Rezim Soeharto sudah tumbang dan berganti. Namun pada kepemimpina selanjutnya yang dipimpin oleh BJ Habibi masih belum juga stabil semua permasalahan, termasuk ekonomi. Masa ke masa, dari pemimpin satu pindah ke pemimpin selanjutnya telah membawa sedikit perubahan perekonomian kelurga teman saya ini. “Baru saat saya sudah sekolah menengah kejuruan mulai ada perbaikan,” ujarnya.
Setelah dia masuk kuliah di STAIN Jember dengan beasiswa delapan semester yang di dapatnya dari pihak Jurusan. Dia menghabiskan waktunya untuk mengajar di salah satu mushola di dekat rumahnya. Adalah kegiatan sampingan di kampus sebagai ustadz di mushola. Berbagai latar belakang dia temui di tempat mengajarnya. Tingakat menengah ke bawah, menengah ke atas, mapan, bahkan ada yang menengah ke bawah bawahnya lagi. “Ada salah satu anak yang latar belakang ekonominya sangat parah. Saya kasihan setiap melihatnya,” ujarnya.
Dia menjelaskan, prihatin dengan mereka yang tidak mampu, apalagi mereka ingin kuliah namun terhalang oleh dana yang tidak ada. Menjadikannya teringat waktu susahnya dulu. “Ada teman saya tawari kuliah dengan pendaftarannya saya tanggung. Namun dia tidak menolaknya. Tidak tahu alasannya,” katanya dengan muka yang lusuh dan mata yang mulai memerah.
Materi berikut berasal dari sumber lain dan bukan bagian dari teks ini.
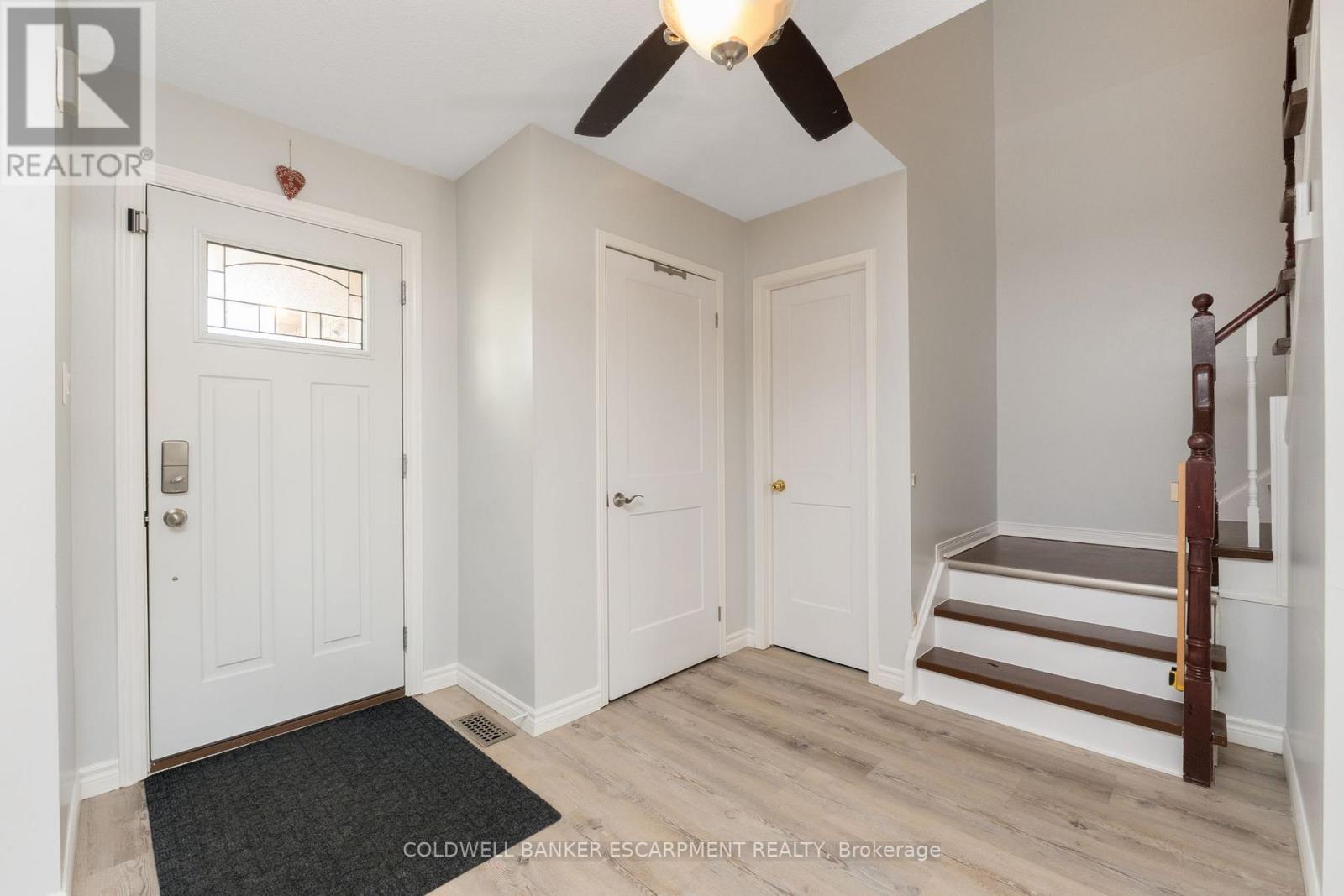 222 Churchill Road N, Halton Hills (Ac Acton), Ontario  L7J 2J2 - Photo 5 - W12981794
Kami mengakhiri perbincangan di warung dekat jembatan Mangli, tepat utara jembatan sebelah timur jalan dari arah utara. Setelah memesan dua es degan, satu bungkus rokok Djarum Super, dan satu makanan ringan. Saya tidak tahu berapa harga semuanya itu, karena teman saya yang membayarinya.